Поговорили со сценаристом фильма «Теснота» - победителя кинофестиваля Pacific Meridian 2017 и участника специальной программы 70-го Каннского кинофестиваля «Особый взгляд».
Дебютный фильм «Теснота» Кантемира Балагова про Северный Кавказ и непростые отношения в живущей там еврейской семье вышел в 2017 году и сразу стал мега-успешным, как у профессионалов, так и среди зрителей.
Он уже получил гран-при нескольких российских кинофестивалей, был показан в специальной программе престижнейшего Каннского кинофестиваля, сейчас им интересуется Американская киноакадемия.

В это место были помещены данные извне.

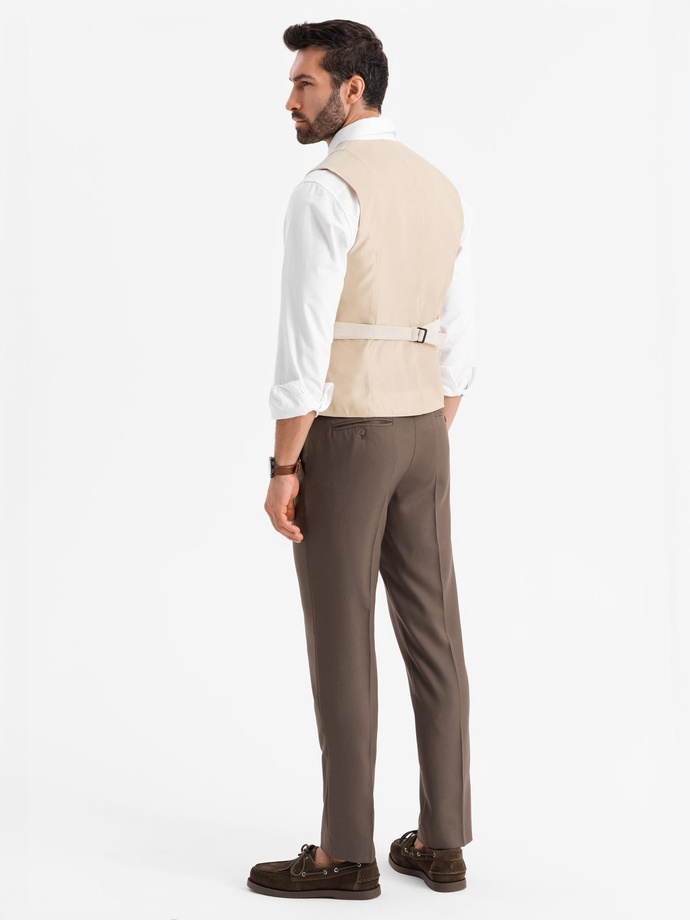 Fitted elegant men's vest with elastane and lapels - beige V2 OM-BLZV-0145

На кинофестивале Pacific Meridian 2017 фильм представлял его сценарист Антон Яруш. Мы поговорили с Антоном о его работе над фильмом, суровое детство в Екатеринбурге и отдаленное будущее мира.

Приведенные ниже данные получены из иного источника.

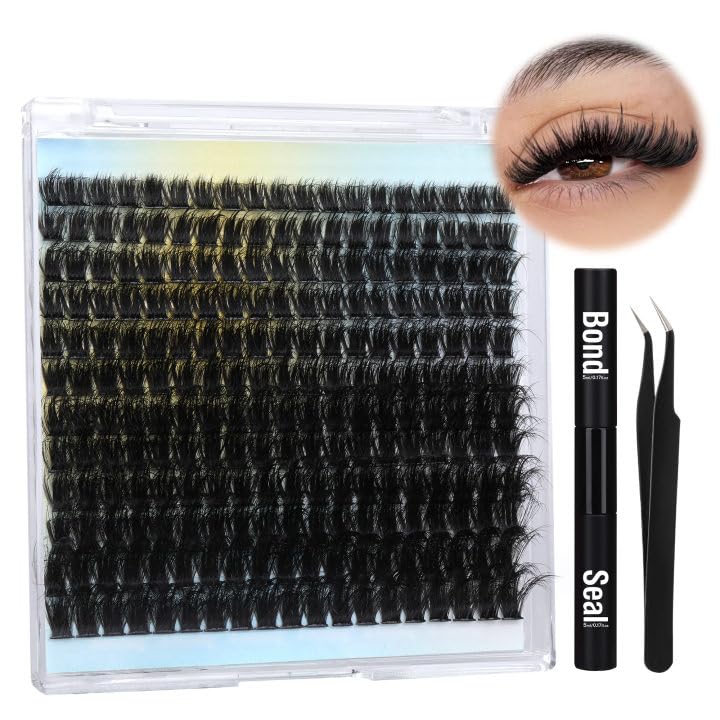 Wimpern Extensions Set Künstliche Wimpern Natürliche DIY Wimpernverlängerung Cluster Wimpern 16MM Individuelle Lashes Kit 40D Nerz Wimpern Fluffy mit Lash Bond und Seal Lash Tweezers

- На пресс-конференции ты упомянул про небинарный мир, расскажи конкретнее, что имел в виду?
- Мир развивается в сторону полового разнообразия, которое сегодня просто огромное. Мы видим людей, которые gender-fluid – то есть, просыпаются мальчиками, а к вечеру становятся девочками, мы видим бигендеров, агендеров, трансгендеров, кроссдресеров.
Мое мнение, что будущее за небинарным миром, но это довольно-таки далекое будущее, потому что сначала нам нужно побороть привилегии мужской части населения, ведь у нас до сих пор во главе Вселенной белый гетеросексуальный мужчина.
- Как это возможно?
- Ну, сам мир меняется. В России, понятно, с этим сложно, потому что у нас общество нетерпимо. И задача, чтобы люди начали понимать других, в независимости от их гендерного и прочих статусов, ложится, в том числе, и на наши плечи – тех, кто делает кино. Потому что в российском кино до сих пор кажется нормальным использование гомофобных или сексистских шуток.

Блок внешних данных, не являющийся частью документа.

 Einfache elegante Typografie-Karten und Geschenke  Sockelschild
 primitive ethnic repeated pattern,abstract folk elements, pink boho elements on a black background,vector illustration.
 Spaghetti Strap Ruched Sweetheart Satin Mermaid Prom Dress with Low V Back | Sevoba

А ведь мы ответственны за то поколение, которое сейчас растет. У нас любят говорить, что у России свой путь, но путь не может заключаться в притеснение какой-то категории граждан. Сам я могу принять любого человека – и женщину с бородой, и парня в женском платье, но не знаю, как сделать так, чтобы этот механизм заработал для большинства, чтобы на этой почве хотя бы не было убийств. В Москве, в Парке Горького до смерти избили парня только за то, что он был одет не по понятиям.
Вина за того рода убийства на почве ненависти лежит на государстве, потому что с принятием закона о запрете пропаганды гомосексуальности ненависть стала легитимной.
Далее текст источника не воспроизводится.